* REQUIREMENT:
Below this line is a set of entries; quote exactly the lines from the line that contains "Vivienne Westwood ニット帽 (ハリスツイード2点はオマケ)" to the line that contains "HP - DDR4 - module", both lines included.

* STUDY MATERIAL:
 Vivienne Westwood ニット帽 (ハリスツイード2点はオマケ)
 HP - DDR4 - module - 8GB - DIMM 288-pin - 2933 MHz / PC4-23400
---
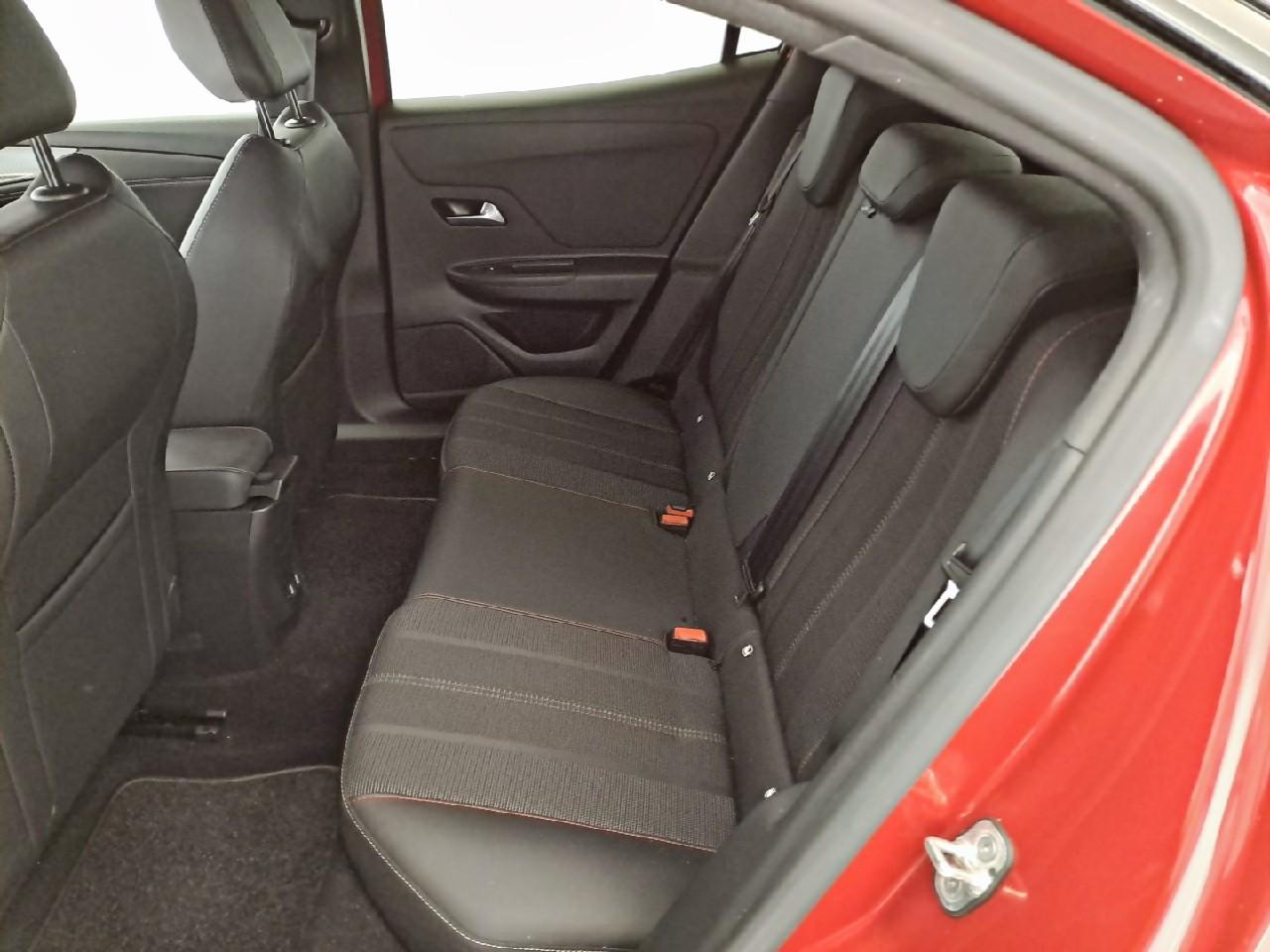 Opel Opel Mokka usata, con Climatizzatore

* RESULT OF THIS EXERCISE:
 Vivienne Westwood ニット帽 (ハリスツイード2点はオマケ)
 HP - DDR4 - module - 8GB - DIMM 288-pin - 2933 MHz / PC4-23400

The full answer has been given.